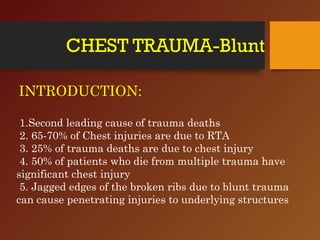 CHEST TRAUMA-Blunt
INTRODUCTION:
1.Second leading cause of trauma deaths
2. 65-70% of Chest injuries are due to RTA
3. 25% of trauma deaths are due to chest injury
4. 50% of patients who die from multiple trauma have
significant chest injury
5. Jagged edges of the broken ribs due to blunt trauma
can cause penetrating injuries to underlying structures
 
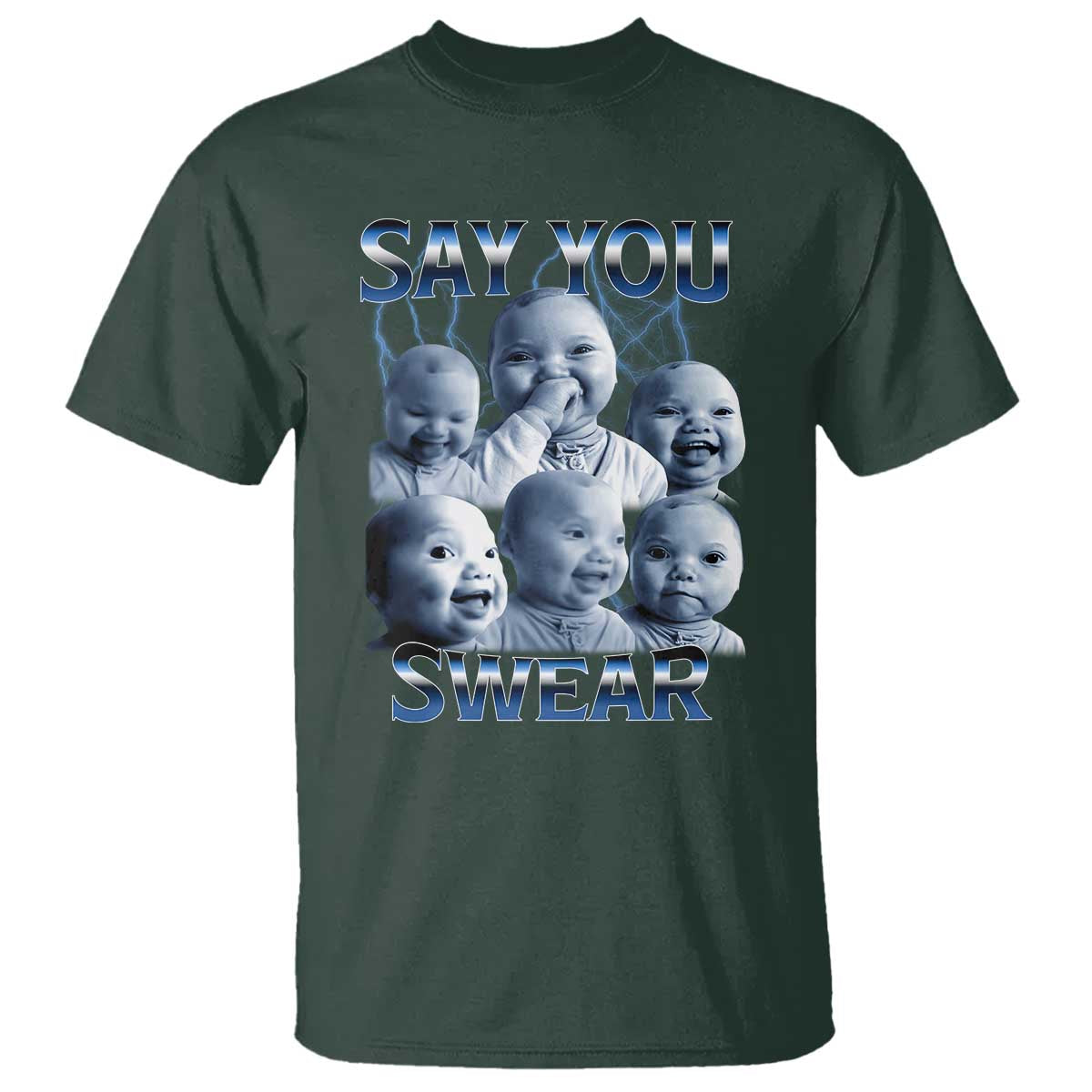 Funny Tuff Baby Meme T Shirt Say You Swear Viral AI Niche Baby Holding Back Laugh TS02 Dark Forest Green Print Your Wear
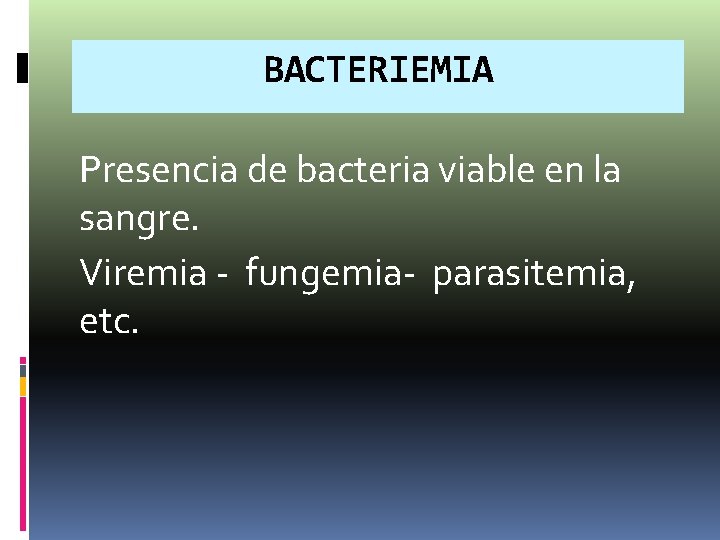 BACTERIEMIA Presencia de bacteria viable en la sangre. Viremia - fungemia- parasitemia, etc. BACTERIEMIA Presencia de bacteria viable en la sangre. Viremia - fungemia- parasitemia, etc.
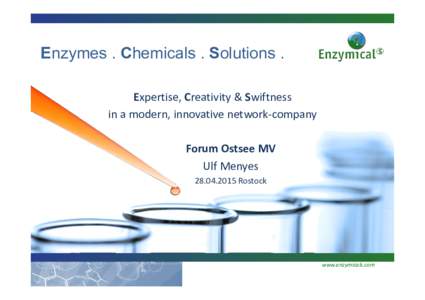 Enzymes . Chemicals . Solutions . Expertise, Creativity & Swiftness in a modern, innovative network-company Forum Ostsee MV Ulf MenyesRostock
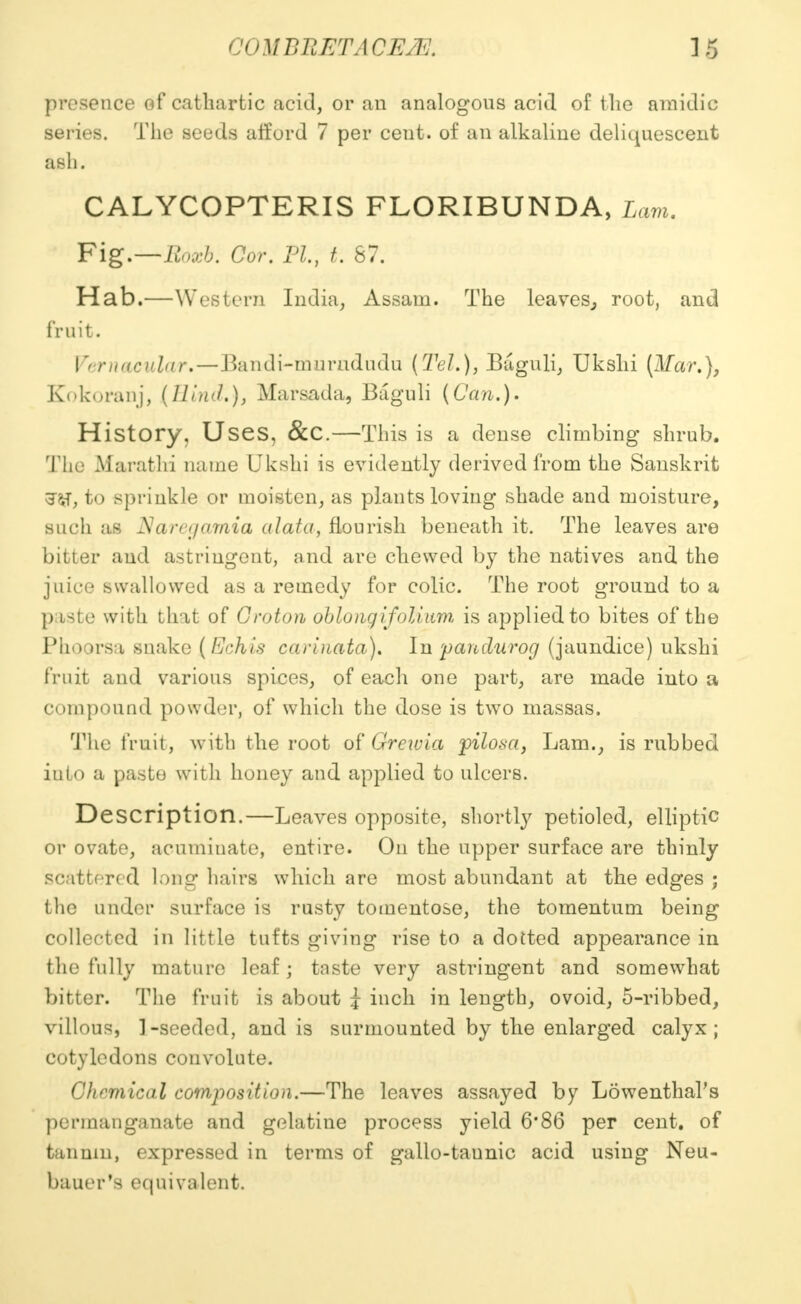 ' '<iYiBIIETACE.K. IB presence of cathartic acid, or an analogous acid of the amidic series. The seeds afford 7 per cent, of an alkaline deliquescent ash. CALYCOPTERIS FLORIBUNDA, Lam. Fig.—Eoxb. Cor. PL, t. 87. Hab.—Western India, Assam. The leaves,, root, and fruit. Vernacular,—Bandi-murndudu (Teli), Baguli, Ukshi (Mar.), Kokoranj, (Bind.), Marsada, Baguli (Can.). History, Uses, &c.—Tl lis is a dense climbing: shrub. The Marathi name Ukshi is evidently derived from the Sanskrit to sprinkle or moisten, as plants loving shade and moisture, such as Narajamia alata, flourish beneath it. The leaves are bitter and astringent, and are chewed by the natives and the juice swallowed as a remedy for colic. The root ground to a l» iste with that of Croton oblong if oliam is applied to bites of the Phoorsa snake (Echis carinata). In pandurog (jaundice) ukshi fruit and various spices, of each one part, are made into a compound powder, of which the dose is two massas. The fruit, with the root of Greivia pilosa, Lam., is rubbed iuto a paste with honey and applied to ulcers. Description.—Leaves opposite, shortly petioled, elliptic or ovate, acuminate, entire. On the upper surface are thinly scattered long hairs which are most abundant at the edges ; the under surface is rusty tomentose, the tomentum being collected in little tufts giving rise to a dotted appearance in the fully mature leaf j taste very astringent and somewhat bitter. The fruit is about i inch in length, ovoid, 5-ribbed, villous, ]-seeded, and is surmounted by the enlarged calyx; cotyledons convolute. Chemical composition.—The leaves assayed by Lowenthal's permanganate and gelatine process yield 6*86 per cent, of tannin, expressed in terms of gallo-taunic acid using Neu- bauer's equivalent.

* * *

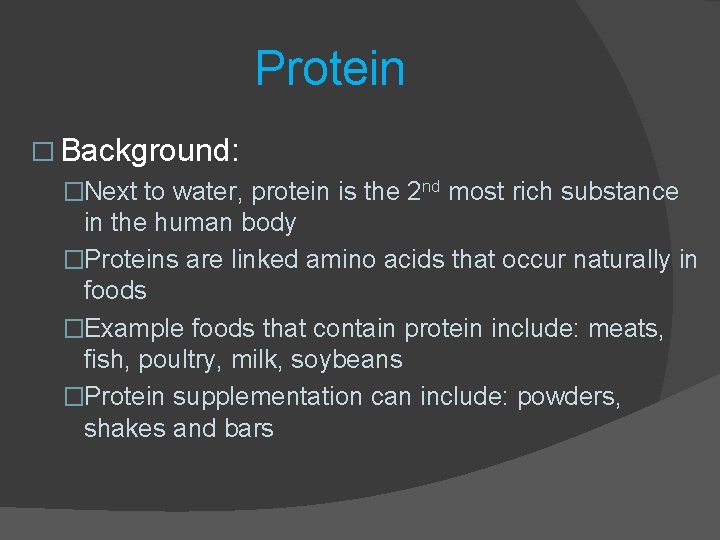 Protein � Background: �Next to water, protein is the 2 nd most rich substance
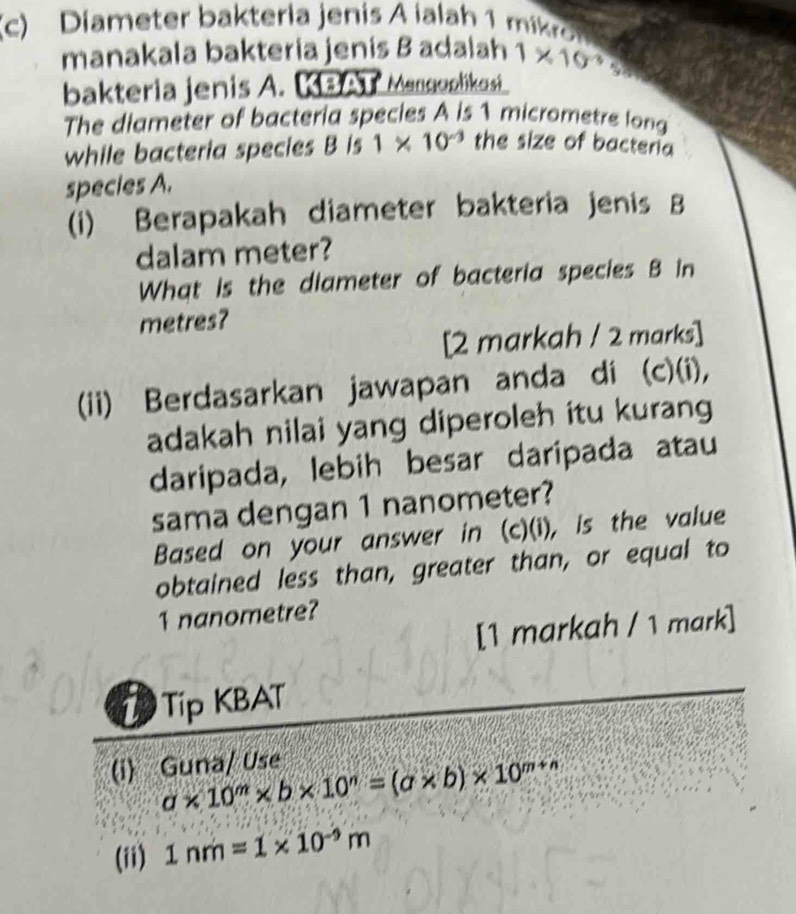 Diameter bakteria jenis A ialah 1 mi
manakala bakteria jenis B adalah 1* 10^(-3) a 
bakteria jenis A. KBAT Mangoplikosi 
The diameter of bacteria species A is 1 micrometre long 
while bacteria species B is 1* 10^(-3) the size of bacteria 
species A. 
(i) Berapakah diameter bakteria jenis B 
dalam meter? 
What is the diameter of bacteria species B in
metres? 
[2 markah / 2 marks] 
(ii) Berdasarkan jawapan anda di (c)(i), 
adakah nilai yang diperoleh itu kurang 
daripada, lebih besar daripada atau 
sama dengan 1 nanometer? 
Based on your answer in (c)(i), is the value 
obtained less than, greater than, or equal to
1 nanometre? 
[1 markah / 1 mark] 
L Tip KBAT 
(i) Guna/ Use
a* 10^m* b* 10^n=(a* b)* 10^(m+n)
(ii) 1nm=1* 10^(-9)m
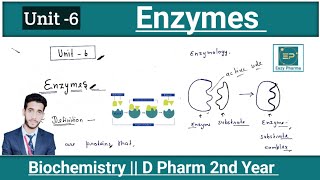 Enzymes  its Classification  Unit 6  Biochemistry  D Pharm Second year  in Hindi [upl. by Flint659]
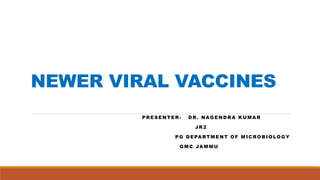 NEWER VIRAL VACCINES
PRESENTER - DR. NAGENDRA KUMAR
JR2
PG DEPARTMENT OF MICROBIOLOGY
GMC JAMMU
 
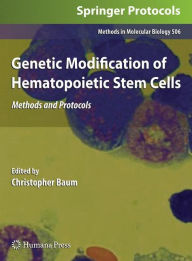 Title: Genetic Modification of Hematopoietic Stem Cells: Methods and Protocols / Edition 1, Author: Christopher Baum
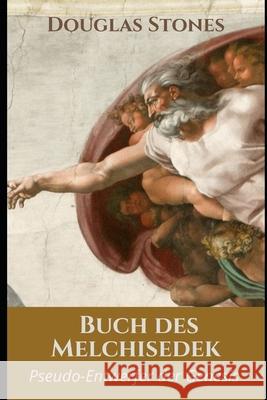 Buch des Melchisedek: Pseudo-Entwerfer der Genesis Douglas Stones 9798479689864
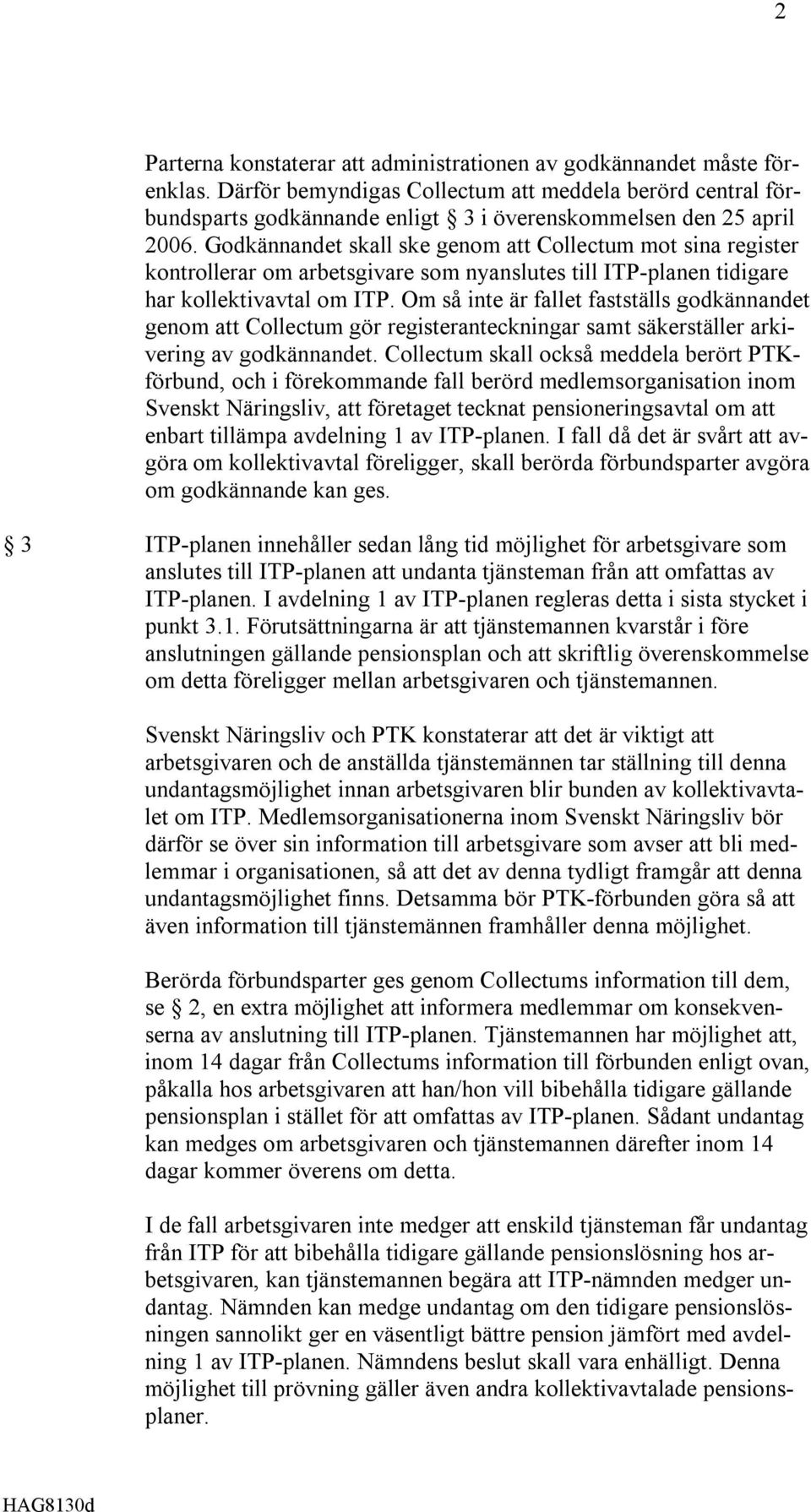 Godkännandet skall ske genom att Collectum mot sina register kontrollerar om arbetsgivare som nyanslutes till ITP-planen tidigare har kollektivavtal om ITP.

■ What to produce:
Your answer should consist of copies of the lines above that include the string "KBAT".

■ Task response:
bakteria jenis A. KBAT Mangoplikosi 
L Tip KBAT 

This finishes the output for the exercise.